## [Aim of the task]
Print the listing below a second time, exactly, and omit its images.

## [Dataset excerpt]
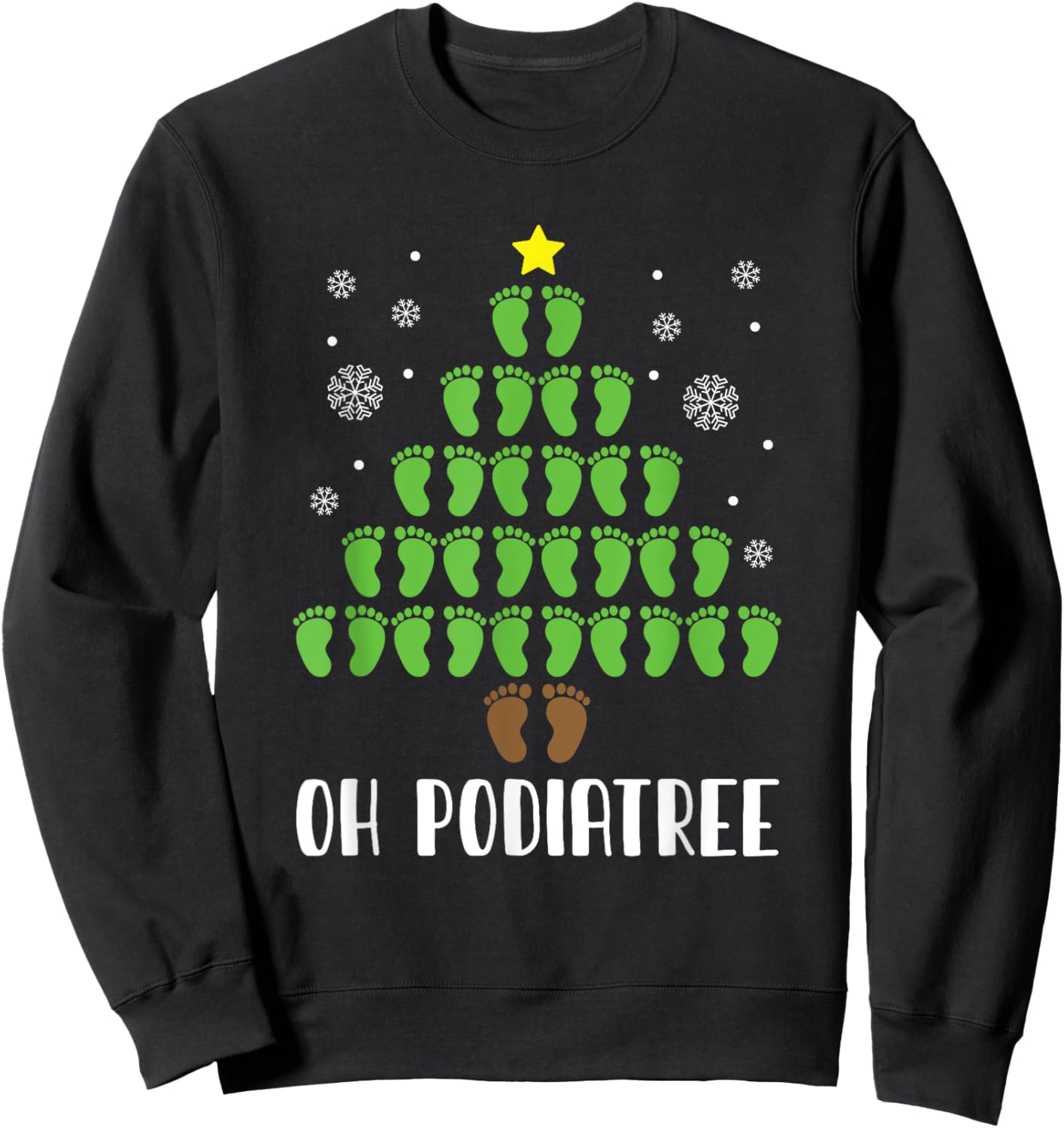Oh Podiatree Chiropodist Podiatrist Funny Christmas Podiatry Sweatshirt - Sweatshirt | Black
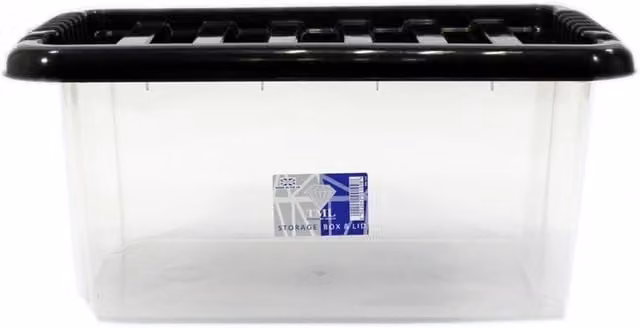 TML Stackable Plastic Storage Box with Lid in Transparent, W/D/H: 39.0 x 26.0 x 18.0 cm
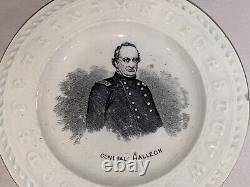 Staffordshire Civil War General Halleck Childrens Alphabet Plate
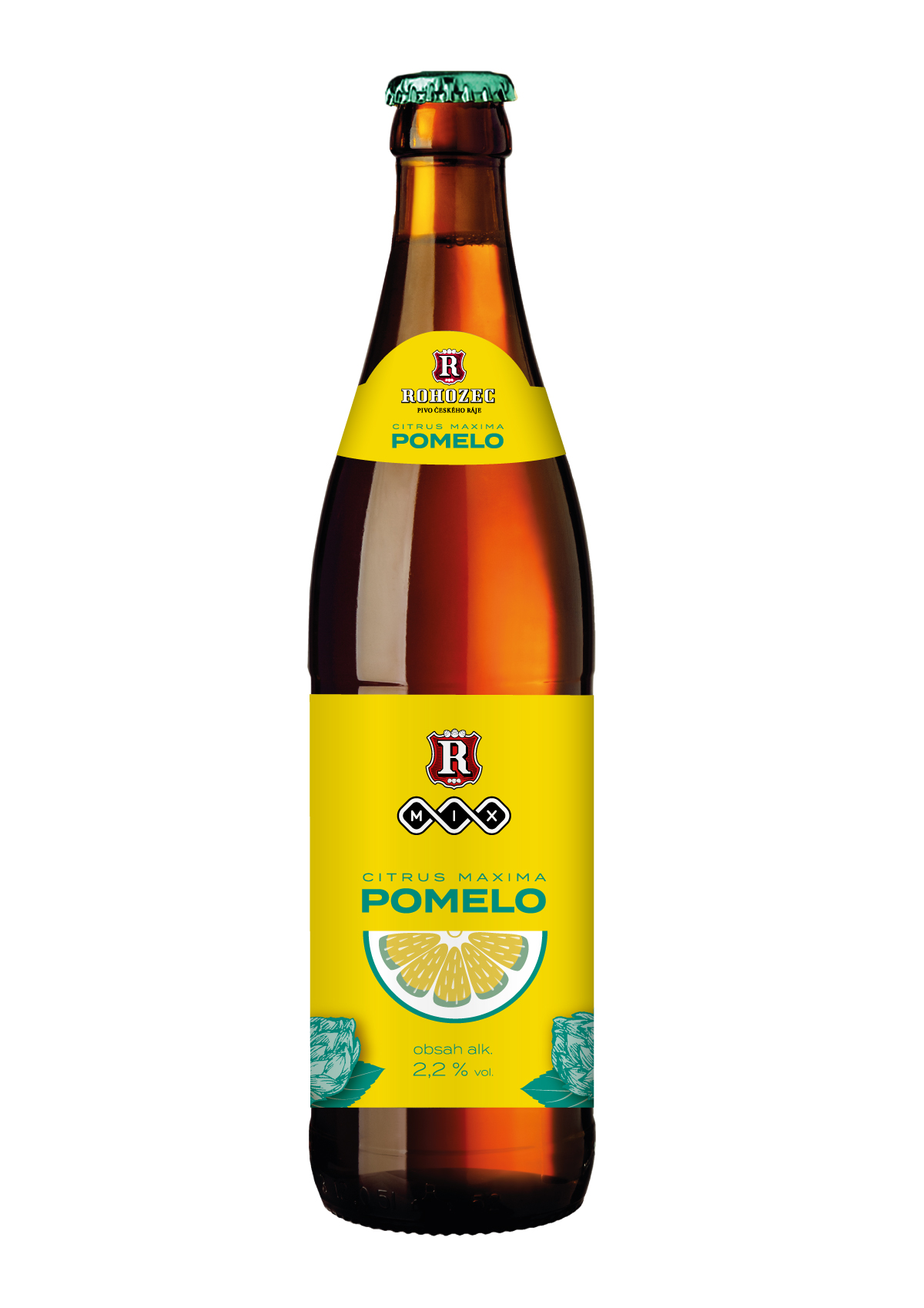 Nízkoalkoholický nápoj Pomelo – ochucený mix výčepního  piva a pomelové limonády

## [Solution to this exercise]
Oh Podiatree Chiropodist Podiatrist Funny Christmas Podiatry Sweatshirt - Sweatshirt | Black
 TML Stackable Plastic Storage Box with Lid in Transparent, W/D/H: 39.0 x 26.0 x 18.0 cm
 Staffordshire Civil War General Halleck Childrens Alphabet Plate
 Nízkoalkoholický nápoj Pomelo – ochucený mix výčepního  piva a pomelové limonády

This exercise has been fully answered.